According to The Guardian, “A new Republican bill that claims ‘to help prevent mass shootings’ includes no new gun control measures. Instead, Republican lawmakers are supporting a huge, federally mandated boost to America’s growing school surveillance industry… There is still no research evidence that demonstrates whether or not online monitoring of schoolchildren actually works to prevent violence.”
Future of Privacy Forum Senior Counsel and Director of Education Privacy Amelia Vance highlighted the challenges and unintended consequences that could result from the RESPONSE Act sponsored by Senator John Cornyn (R-TX):
Privacy advocates say pervasive surveillance is not appropriate for an educational setting, and that it may actually harm children, particularly students with disabilities and students of color, who are already disproportionately targeted with school disciplinary measures.
“You are forcing schools into a position where they would have to surveil by default,” said Amelia Vance, the director of education privacy at the Future of Privacy Forum.

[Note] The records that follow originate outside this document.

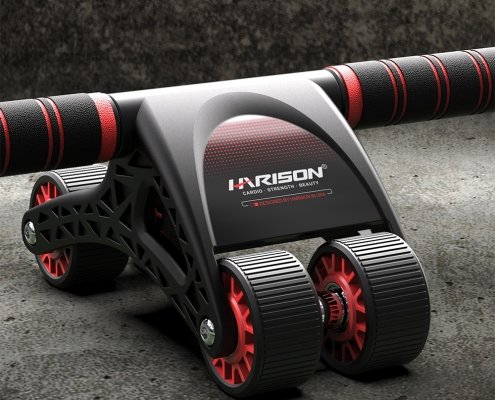 harison-416-8.jpg HARISONFITNESS Ab Roller Wheel for Core Abdominal Exercise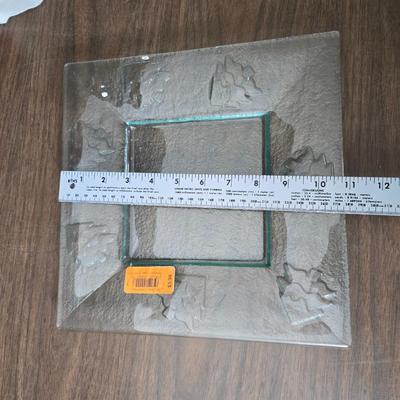 Giant snowman and Christmas items lots of Christmas crafting items - Pinecones - Ribbon and more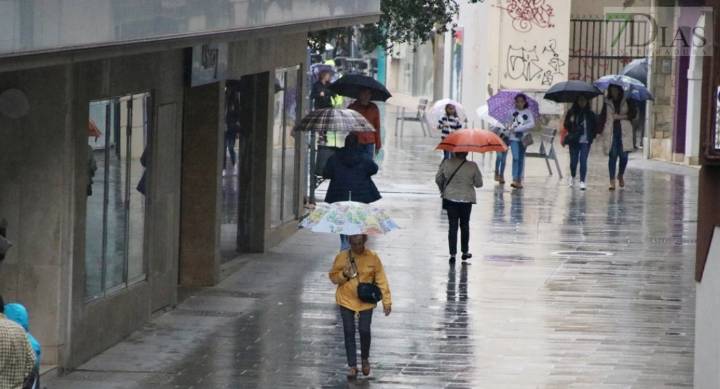 El 112 activará la alerta por lluvias y tormentas en la provincia de Badajoz este domingo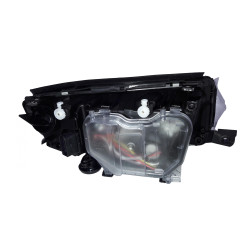 Reflektor lampa przód lewy Skoda Fabia 2000-2007 czarne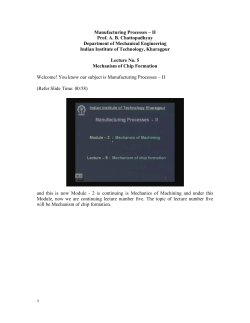 Pdf - Text of NPTEL IIT Video Lectures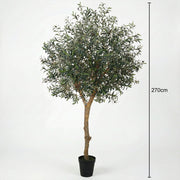 Artificial Faux Large Olive Tree (270cm)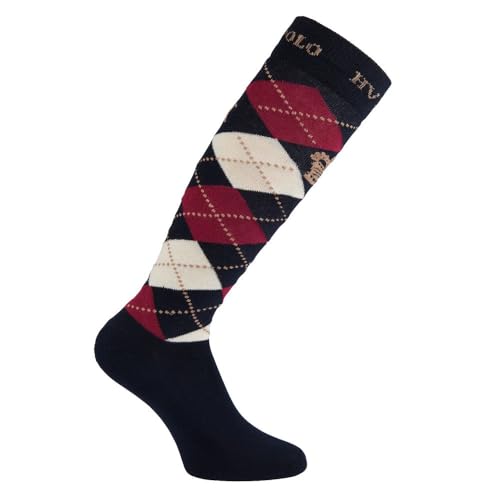 Kniestrümpfe HVPArgyle von HV Polo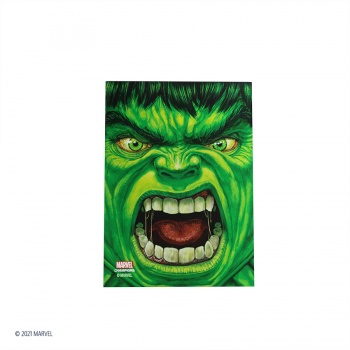 Levně Gamegenic Marvel Champions Art Sleeves - Characters (50 Sleeves) - Obaly na Karty Barva: Hulk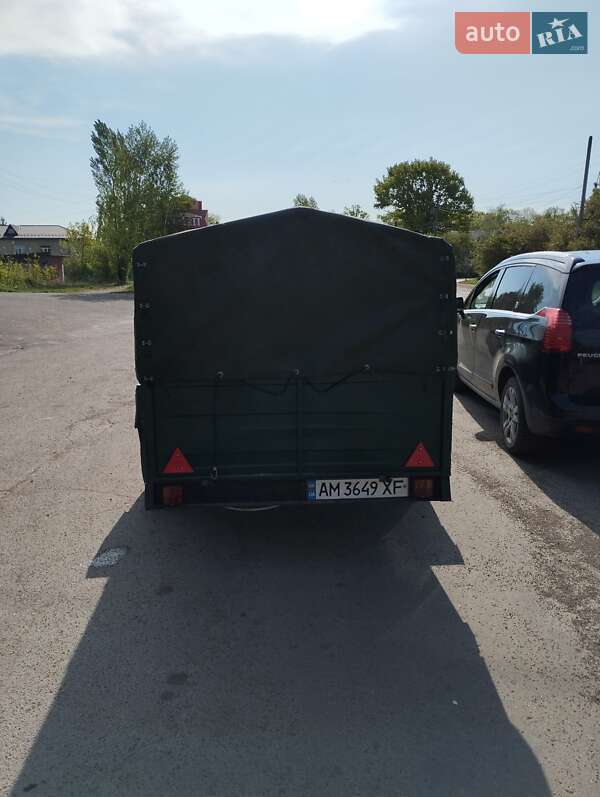 Легковой прицеп ПАВАМ 112213С 2023 в Коростене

“There’s a privacy debate to be had about whether surveillance is the right tactic to take in schools, whether it inhibits students trust in their schools and their ability to learn,” Vance said. But “the bottom line,” she said, is “we do not have evidence that violence prediction works”…
If Cornyn’s bill becomes law, “you’re going to force probably 10,000 districts to buy a new product that they’re going to have to implement”, she said.
That would mean redirecting public schools’ time and money away from strategies that are backed by evidence, such as supporting mental health and counseling services, and towards dealing with surveillance technologies, which often produce many false alarms, like alerts about essays on To Kill a Mockingbird.